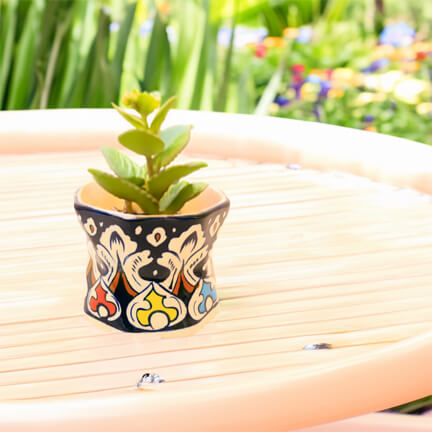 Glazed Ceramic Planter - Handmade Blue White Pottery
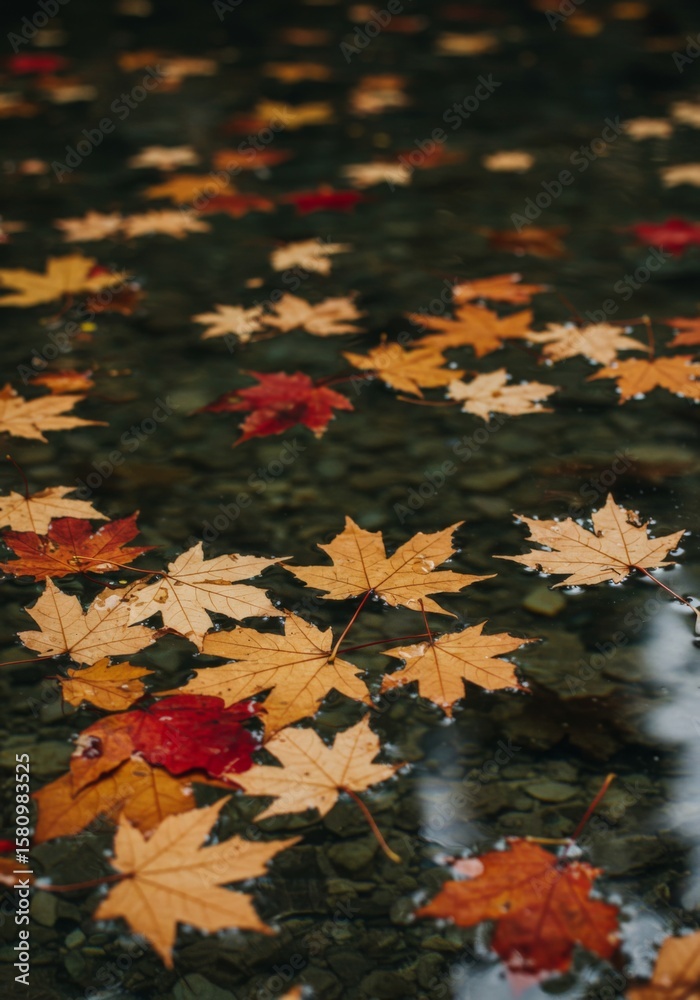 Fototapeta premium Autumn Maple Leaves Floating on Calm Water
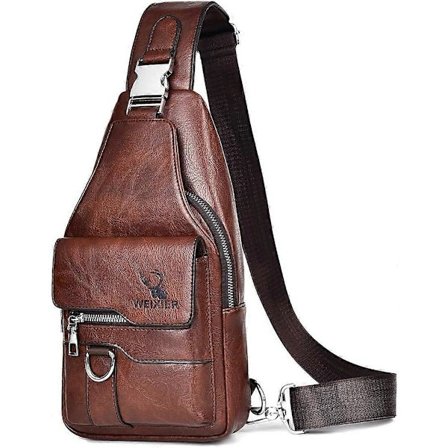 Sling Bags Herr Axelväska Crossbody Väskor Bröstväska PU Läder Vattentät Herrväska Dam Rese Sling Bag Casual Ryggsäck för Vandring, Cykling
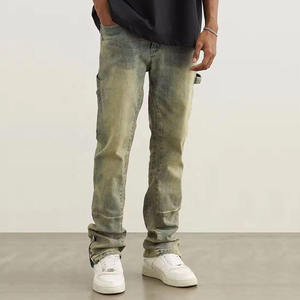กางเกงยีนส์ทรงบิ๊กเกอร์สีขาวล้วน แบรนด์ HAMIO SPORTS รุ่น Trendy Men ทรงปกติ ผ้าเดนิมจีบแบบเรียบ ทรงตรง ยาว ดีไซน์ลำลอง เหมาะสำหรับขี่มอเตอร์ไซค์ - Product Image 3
□ □ □ □
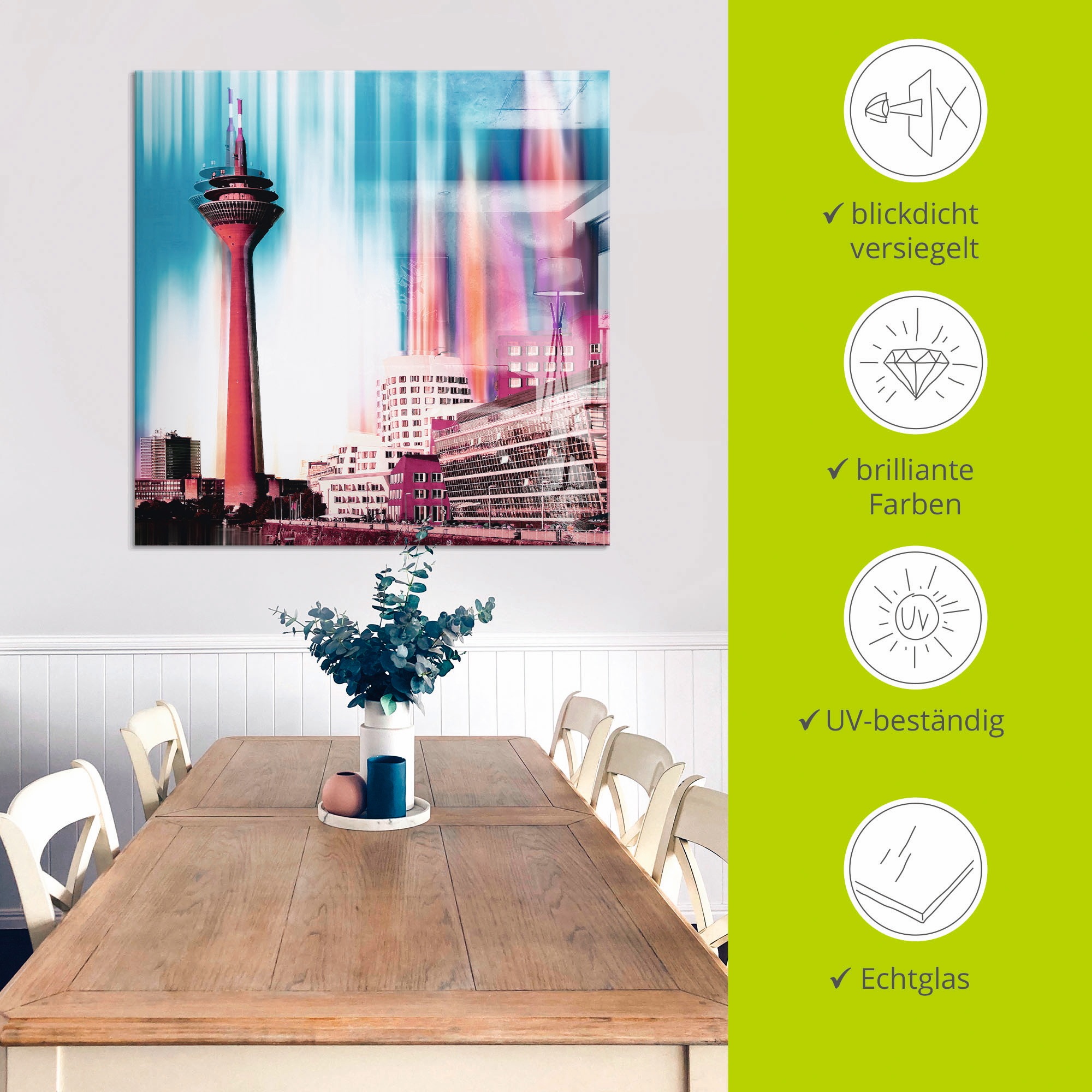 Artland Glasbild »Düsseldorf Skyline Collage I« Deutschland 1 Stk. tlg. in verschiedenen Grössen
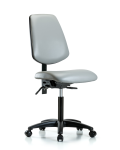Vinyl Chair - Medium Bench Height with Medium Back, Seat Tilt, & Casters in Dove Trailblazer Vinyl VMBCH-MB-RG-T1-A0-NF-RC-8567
□ □ □ □
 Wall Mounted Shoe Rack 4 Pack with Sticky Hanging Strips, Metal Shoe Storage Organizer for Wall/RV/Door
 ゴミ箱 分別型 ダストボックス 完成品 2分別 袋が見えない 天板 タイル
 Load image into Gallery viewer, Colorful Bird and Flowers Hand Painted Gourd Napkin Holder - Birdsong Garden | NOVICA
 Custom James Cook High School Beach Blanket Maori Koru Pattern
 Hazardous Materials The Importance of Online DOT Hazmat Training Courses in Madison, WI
□ □ □ □
• Exercise directions
Starting at the line with "in verschiedenen Grössen" in the entries above, write out every line exactly until the line with "Vinyl Chair - Medium" has been written. Include no pictures and nothing more.

• Task output
 Artland Glasbild »Düsseldorf Skyline Collage I« Deutschland 1 Stk. tlg. in verschiedenen Grössen
Vinyl Chair - Medium Bench Height with Medium Back, Seat Tilt, & Casters in Dove Trailblazer Vinyl VMBCH-MB-RG-T1-A0-NF-RC-8567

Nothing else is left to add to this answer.